▸ **ACTIVITY**
Every line below from the one with "Breast Reconstruction Case 11 After" through the one with "How do you know" should be retyped exactly, both ends included; no other lines and no pictures.

[Data entries]
──────────────────────────────

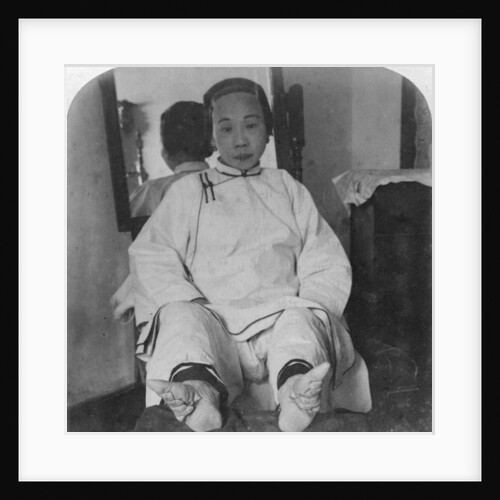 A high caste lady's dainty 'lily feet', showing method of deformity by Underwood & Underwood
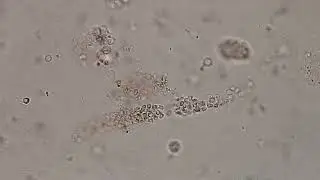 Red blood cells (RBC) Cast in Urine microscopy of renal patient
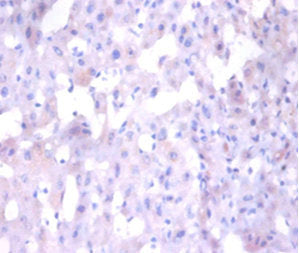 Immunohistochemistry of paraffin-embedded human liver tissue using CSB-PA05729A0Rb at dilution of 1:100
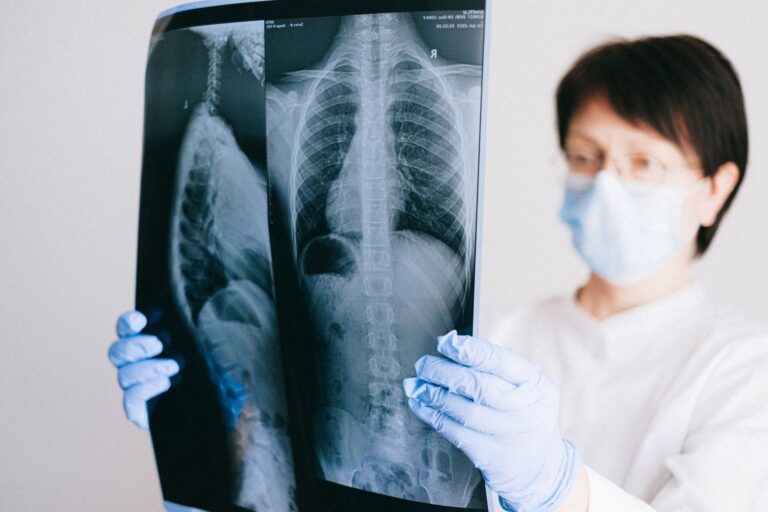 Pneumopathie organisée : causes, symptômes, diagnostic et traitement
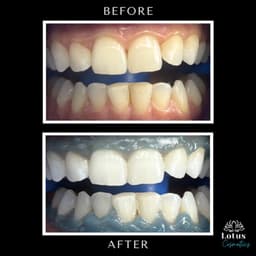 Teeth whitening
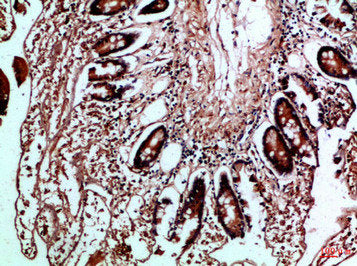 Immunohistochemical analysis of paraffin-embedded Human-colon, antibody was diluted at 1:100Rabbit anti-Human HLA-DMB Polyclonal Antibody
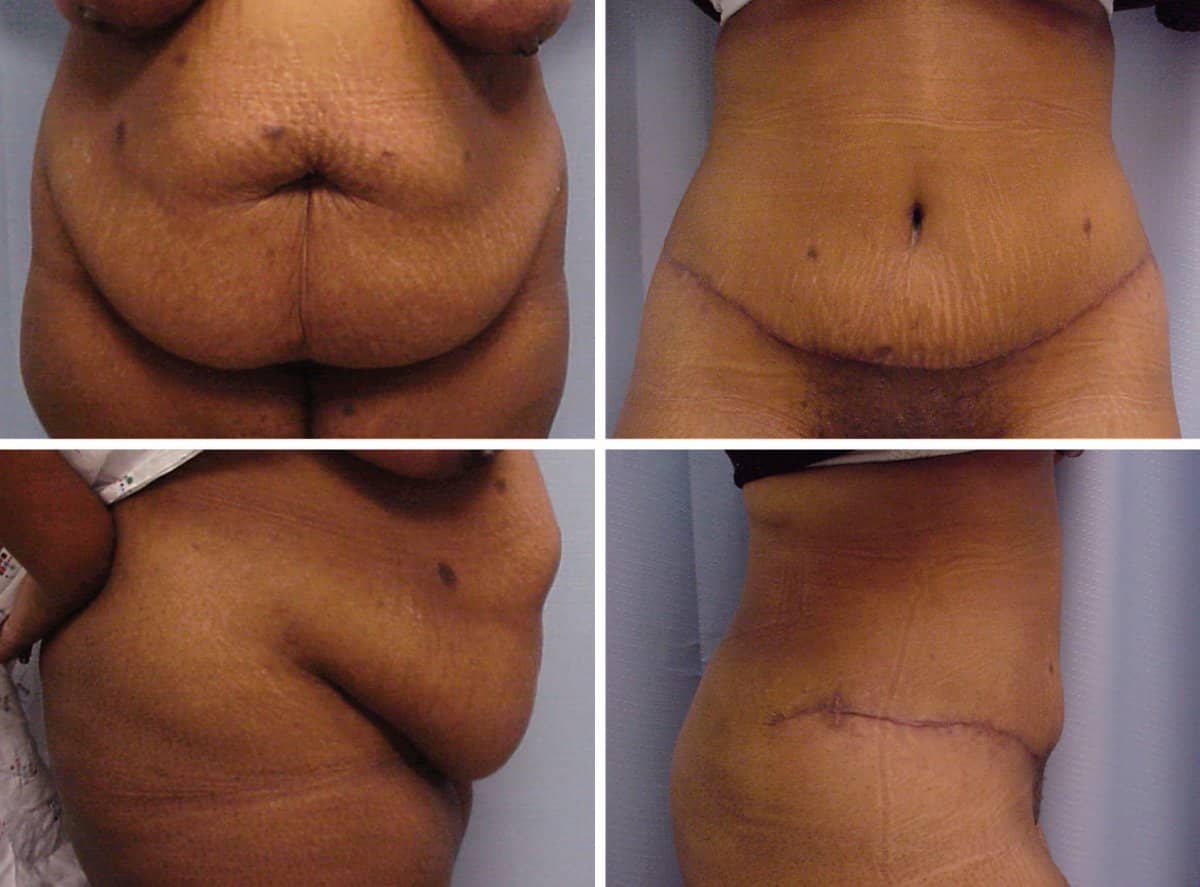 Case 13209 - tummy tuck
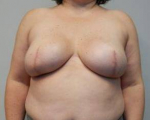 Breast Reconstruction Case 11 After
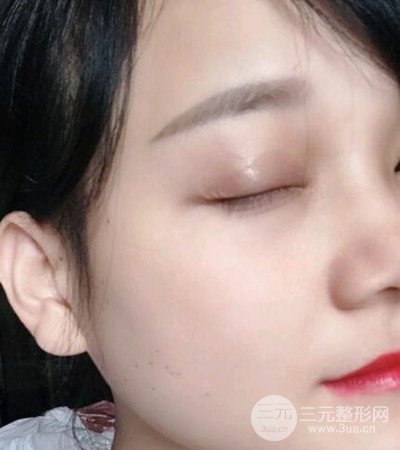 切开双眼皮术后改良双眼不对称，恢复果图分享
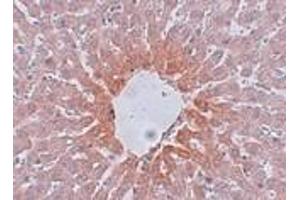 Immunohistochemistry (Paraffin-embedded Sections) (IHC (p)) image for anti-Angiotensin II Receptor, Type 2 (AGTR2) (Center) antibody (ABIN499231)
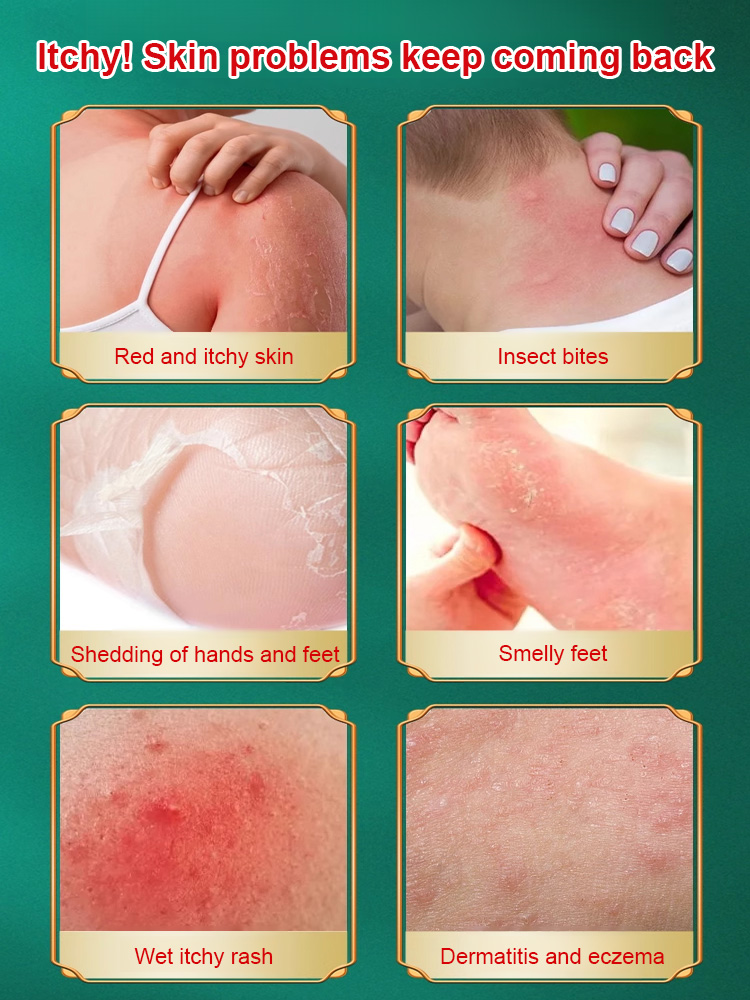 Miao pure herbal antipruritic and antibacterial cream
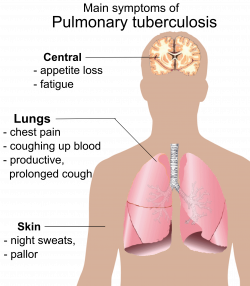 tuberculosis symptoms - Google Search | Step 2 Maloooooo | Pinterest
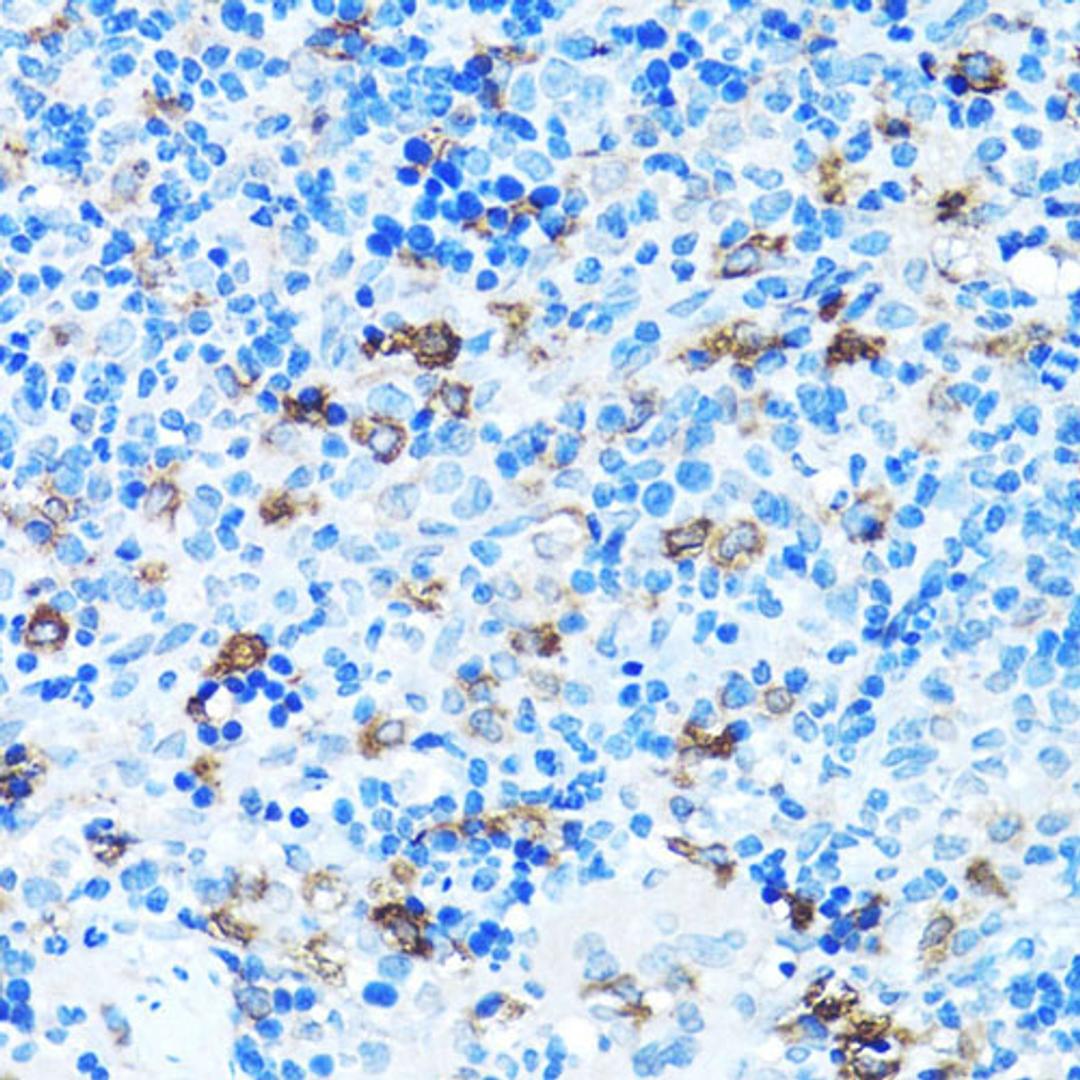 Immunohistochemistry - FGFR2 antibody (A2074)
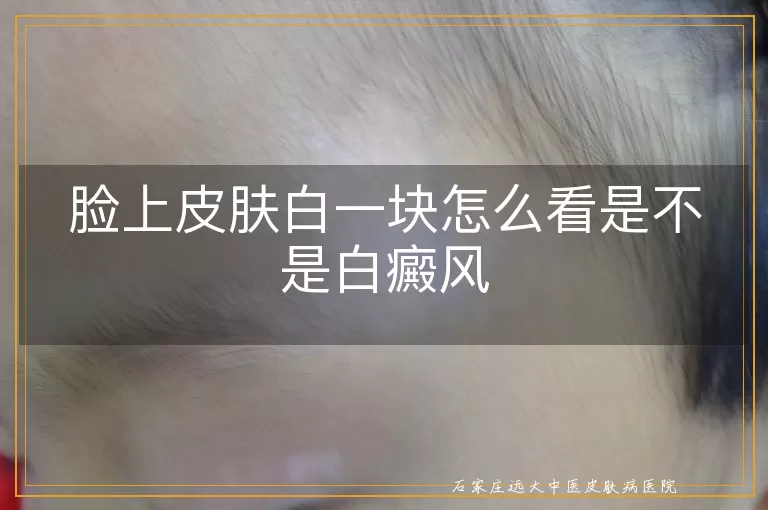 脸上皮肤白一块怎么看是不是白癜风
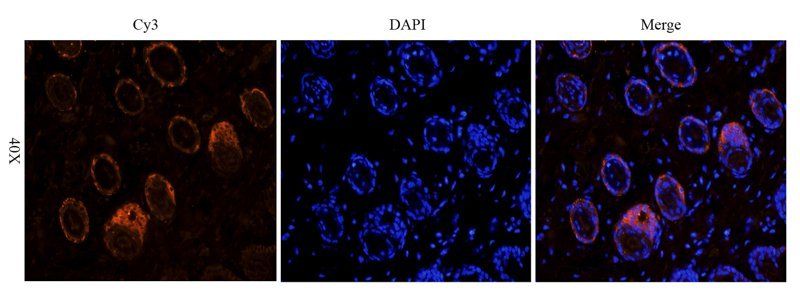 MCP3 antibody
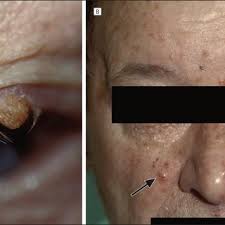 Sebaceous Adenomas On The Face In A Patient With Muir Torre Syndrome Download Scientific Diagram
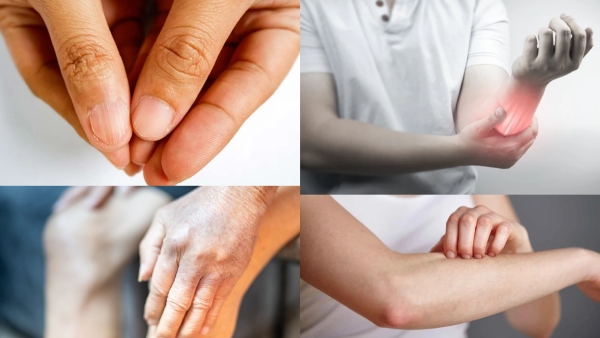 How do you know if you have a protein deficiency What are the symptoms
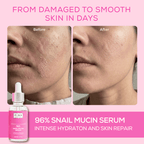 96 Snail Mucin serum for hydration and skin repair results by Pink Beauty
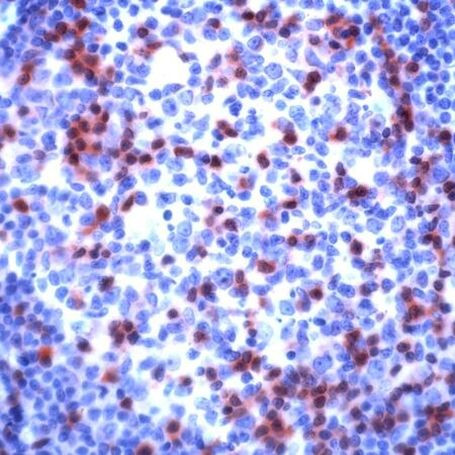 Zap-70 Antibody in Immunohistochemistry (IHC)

──────────────────────────────

▸ **WRITTEN ANSWER**
 Breast Reconstruction Case 11 After
 切开双眼皮术后改良双眼不对称，恢复果图分享
 Immunohistochemistry (Paraffin-embedded Sections) (IHC (p)) image for anti-Angiotensin II Receptor, Type 2 (AGTR2) (Center) antibody (ABIN499231)
 Miao pure herbal antipruritic and antibacterial cream
 tuberculosis symptoms - Google Search | Step 2 Maloooooo | Pinterest
 Immunohistochemistry - FGFR2 antibody (A2074)
 脸上皮肤白一块怎么看是不是白癜风
 MCP3 antibody
 Sebaceous Adenomas On The Face In A Patient With Muir Torre Syndrome Download Scientific Diagram
 How do you know if you have a protein deficiency What are the symptoms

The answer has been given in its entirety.